YOUR TASK: In the data below, repeat the line containing "Telur ayam negeri 1kg, Telur ayam omega" and every following line exactly, up to and including the last line. Exclude pictures.

MATERIAL PROVIDED Block Start

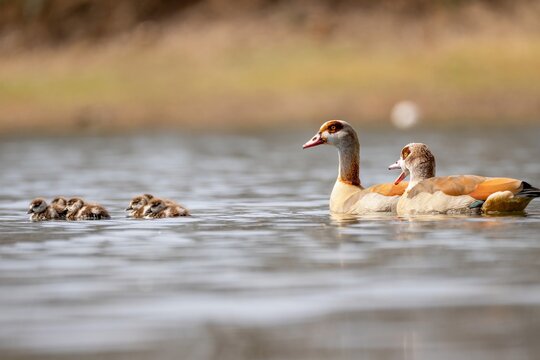 Eine Nilgangsfamilie im Sonnenlicht auf dem See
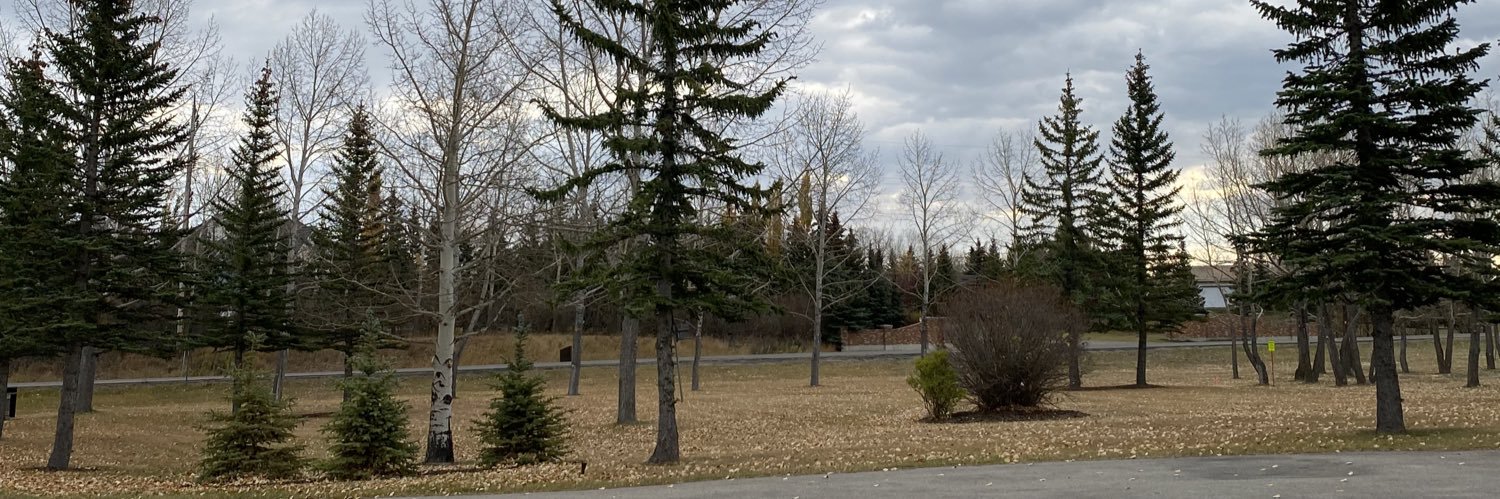 Alexa Dayanara banner
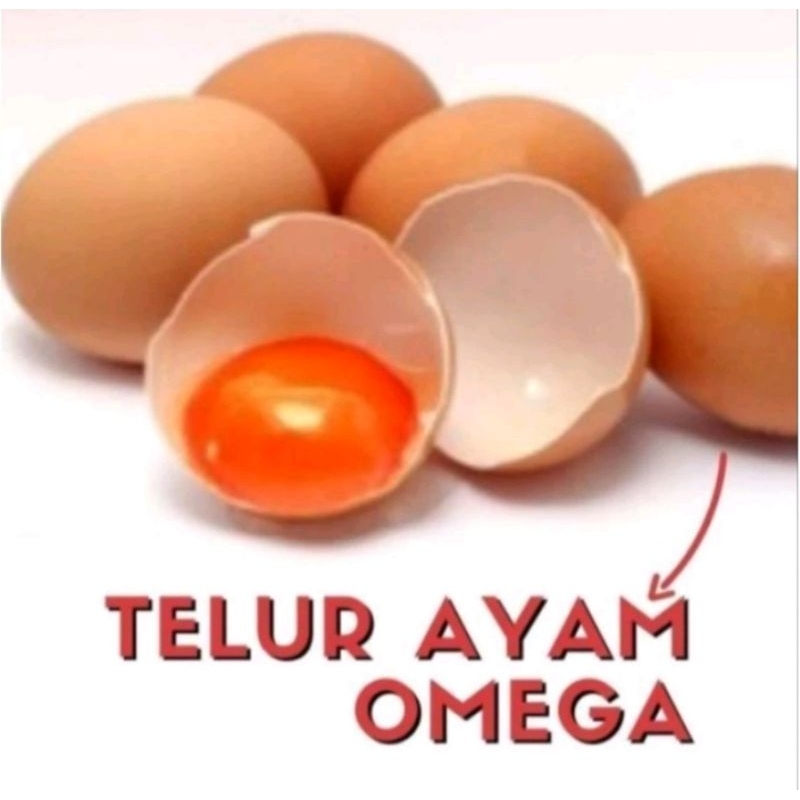 Telur ayam negeri 1kg, Telur ayam omega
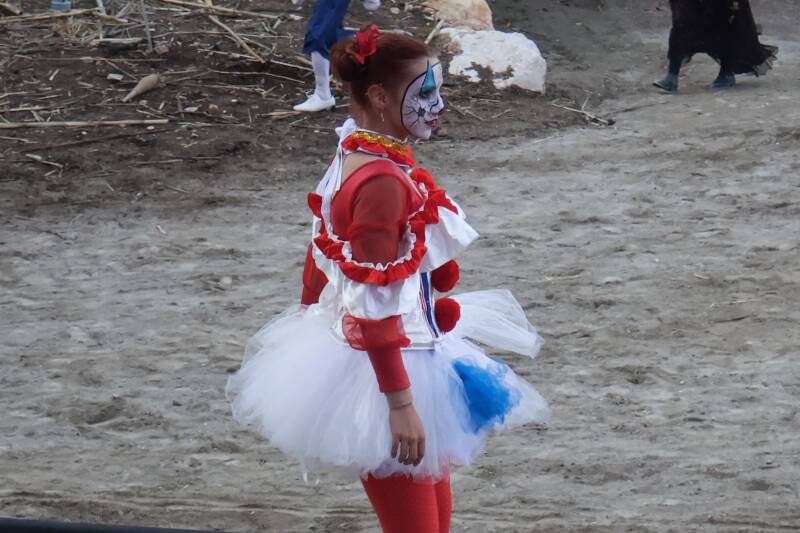 img_0409-standard-bh080r.jpg
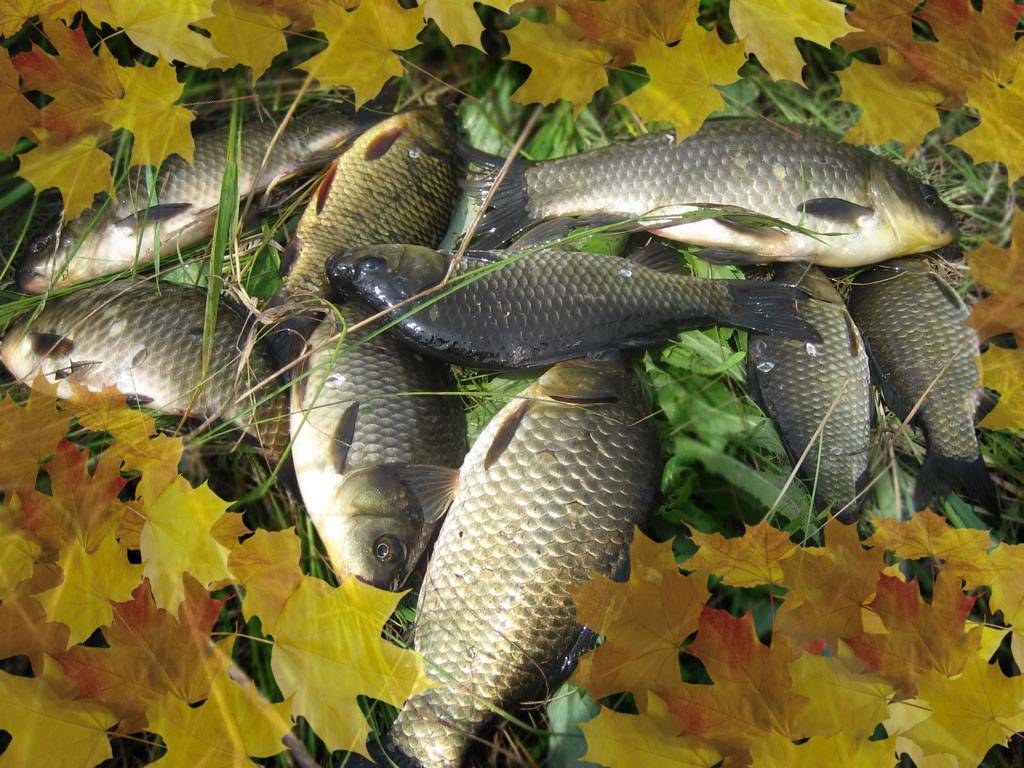 Ловля карася осенью: на что клюет, где искать, лучшая наживка и приманка для рыбалки, влияние погоды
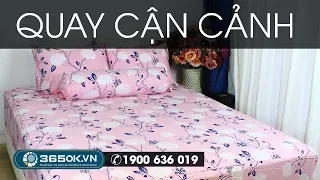 Drap Hàn Quốc giảm giá | Ga trải giường giá rẻ cotton lụa màu hồng ngọt ngào KS1L-082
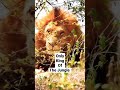 Lion shorts youtubeshorts anandg kenya massaimara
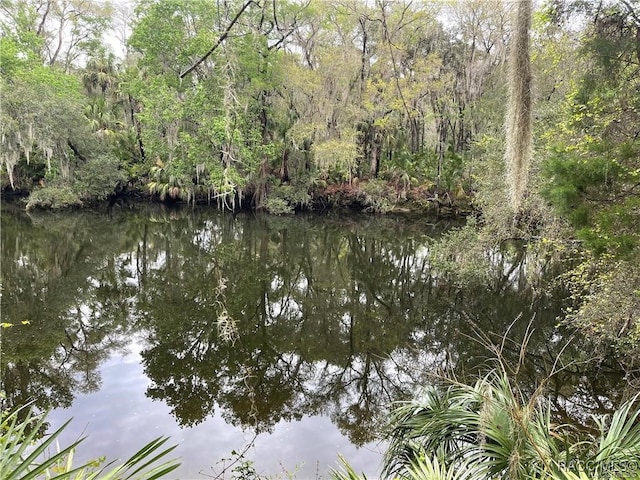 10574 Dawnflower Pt, Crystal River, FL 34428 - photo 1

MATERIAL PROVIDED Block End

ANSWER FOR THE TASK:
 Telur ayam negeri 1kg, Telur ayam omega
 img_0409-standard-bh080r.jpg
 Ловля карася осенью: на что клюет, где искать, лучшая наживка и приманка для рыбалки, влияние погоды
 Drap Hàn Quốc giảm giá | Ga trải giường giá rẻ cotton lụa màu hồng ngọt ngào KS1L-082
 Lion shorts youtubeshorts anandg kenya massaimara
 10574 Dawnflower Pt, Crystal River, FL 34428 - photo 1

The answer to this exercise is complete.